At Microsoft Research Labs they developed a modular stackable platform [11]. The mPlatform was designed so that a wide range of processors can coexist on the same platform and efficiently communicate in any possible configuration. The coupling of the heterogeneous microprocessors is achieved by a reconfigurable HW (CPLD in this case). The local processor on each module interacts with a parallel bus through the bus controller, implemented in a low-power CPLD thus achieving communication abstraction through the entire modular platform.

In the mPlatform the term reconfigurability is used only to emphasize on the platform's Lego-like nature where the number and type of processors put together depends on the requirements of a given research project.

With this in mind, the CPLD is configured only at design time in order to meet the specific communication demands of a particular project.



#### 3.3.2 Cookie

At the CEI-UPM, researchers have developed a platform based on a 8052 uC from Analog Devices (ADuC841) and a Xilinx XC3S200 Spartan 3 FPGA [12]. It is composed of four main layers: processing, communication, power supply and sensors. The FPGA acts as an independent co-processor solely for taking measurements from digital sensors (Figure X2). The uC sends triggers to the FPGA, specifying the sensor from which the measure has to be taken, and the FPGA activates the corresponding sensor interface.

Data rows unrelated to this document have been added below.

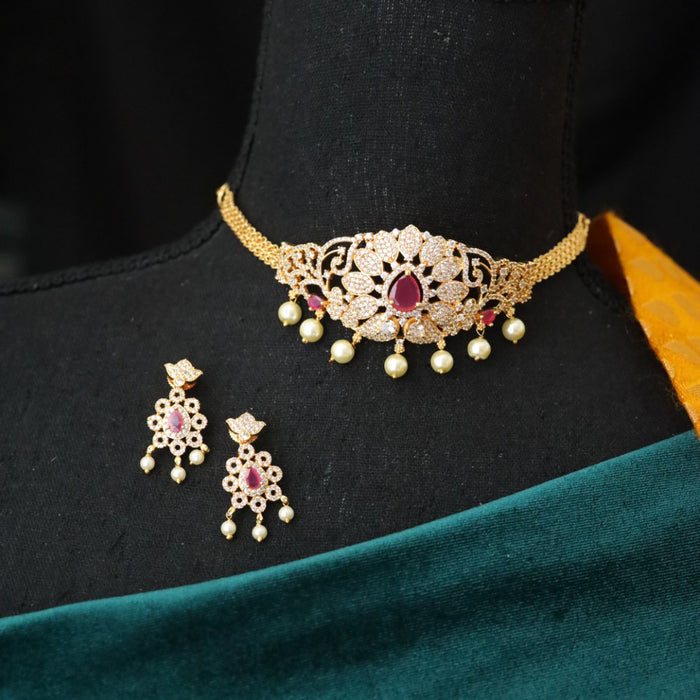 Heritage gold plated choker necklace with earrings 16430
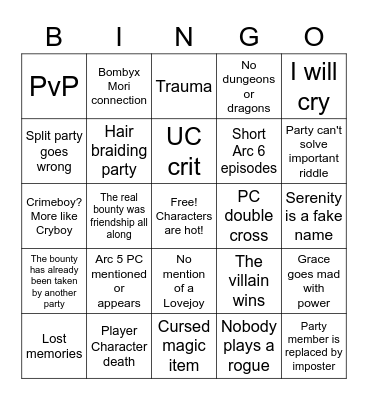 UC Arc 9 Bingo Card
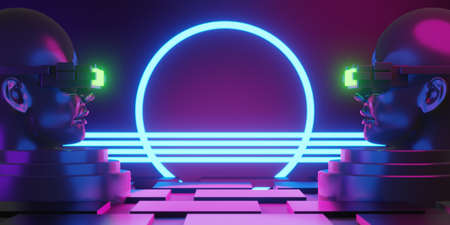 metaverse vr virtual reality with network, gaming of simulation, cyberpunk gamer background, 3d rendering illustration, scifi ai robot technologyの写真素材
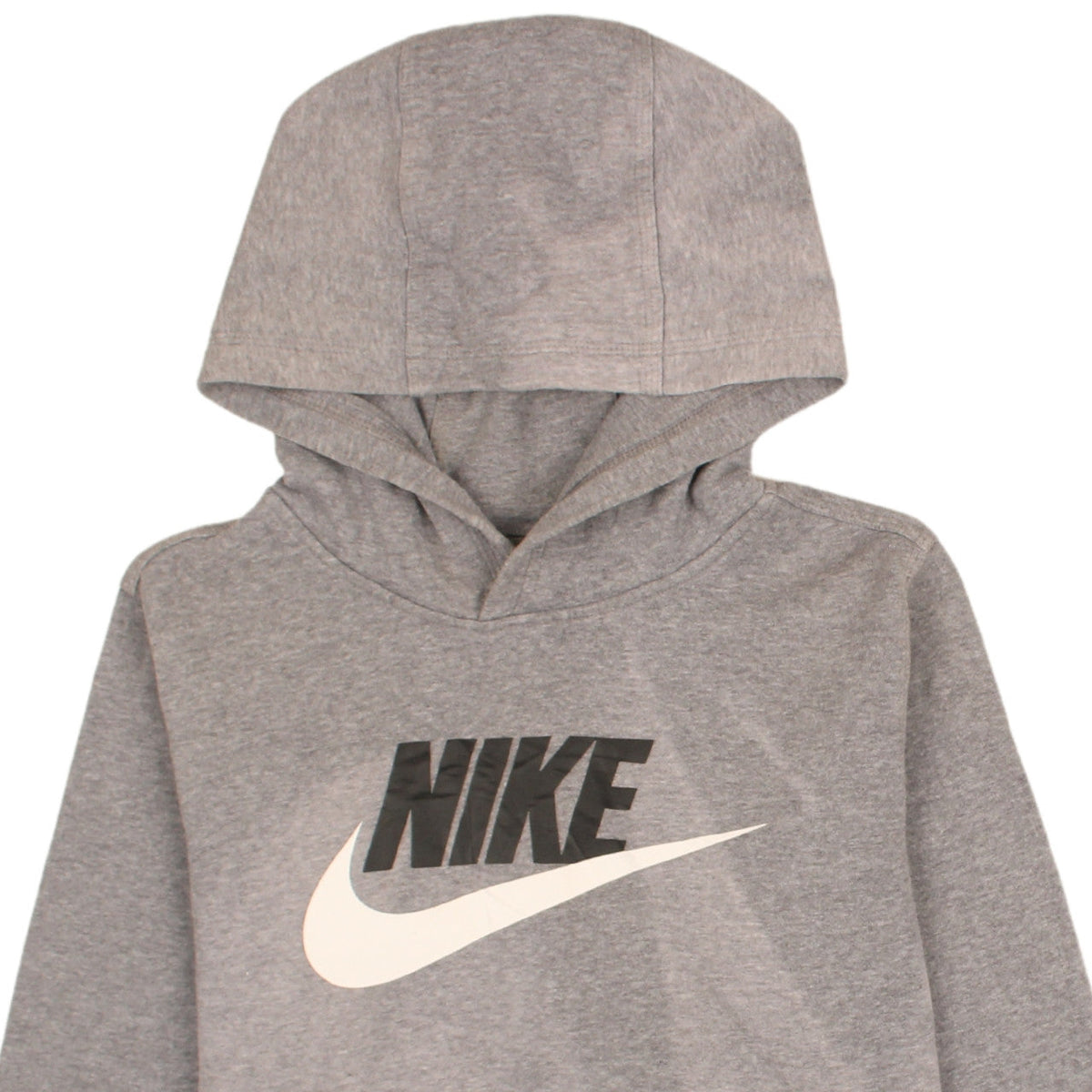 Brand and care label for Nike boys’ grey pullover hoodie xl fleece hooded sweatshirt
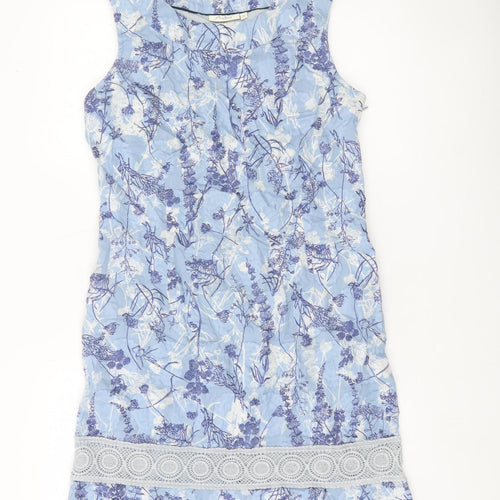 Adini Women’s Blue Floral Cotton Shift Dress Size M Knee Length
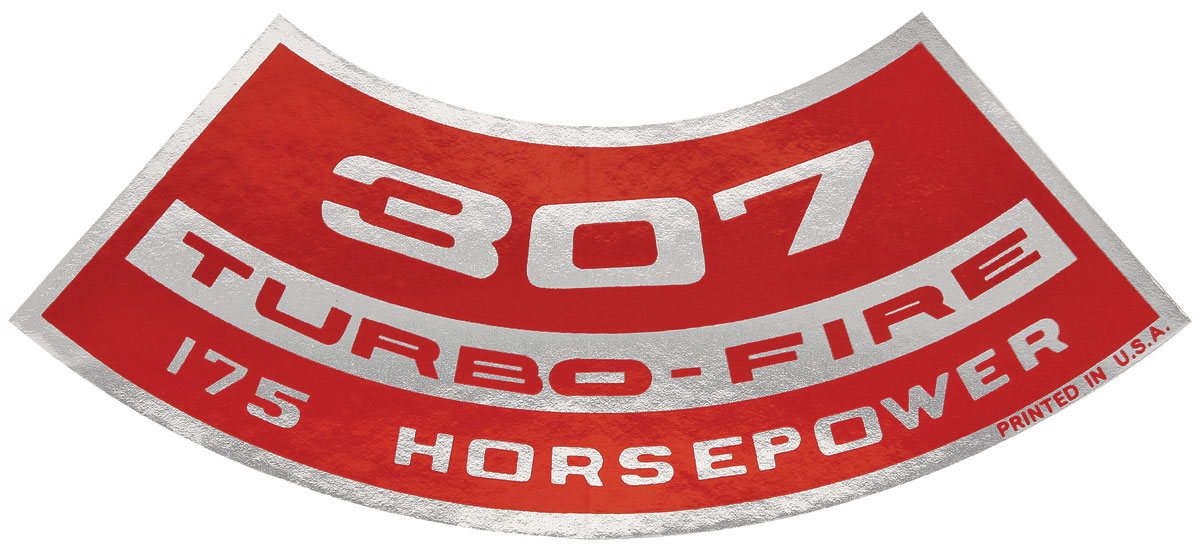 Decal, Air Cleaner, 1964-77 Chevelle/El Camino/MC, 307 Turbo-Fire 175HP 1 Decal, Air Cleaner, 1964-77 Chevelle/El Camino/MC, 307 Turbo-Fire 175HP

The Cookie platform supports dynamic reconfiguration of the FPGA. It uses the uC to reconfigure the FPGA from a library of general HW digital interfaces for sensors (as I2C, 1-Wire, SPI, etc.). The uC will use the JTAG port of the FPGA to accomplish this task. The uC will receive the bitstream from the communication layer (ZigBee module) and will download it in the FPGA configuration memory.



## 3.3.3 RESENSE

RESENSE is a reconfigurable WSN platform, developed at the Technical University of Crete [13]. In the RESENSE platform there are two distinct architectures that incorporate reconfigurable logic. In the sensor node level researchers have coupled a commercial WSN mote (Micaz/IRIS - ATMega1281 uC) and a low-power CPLD (Xilinx CoolRunner-II). On the base station they have combined an Intel Atom processor (general purpose CPU) with a Virtex-5 FPGA (XC5VLX110T).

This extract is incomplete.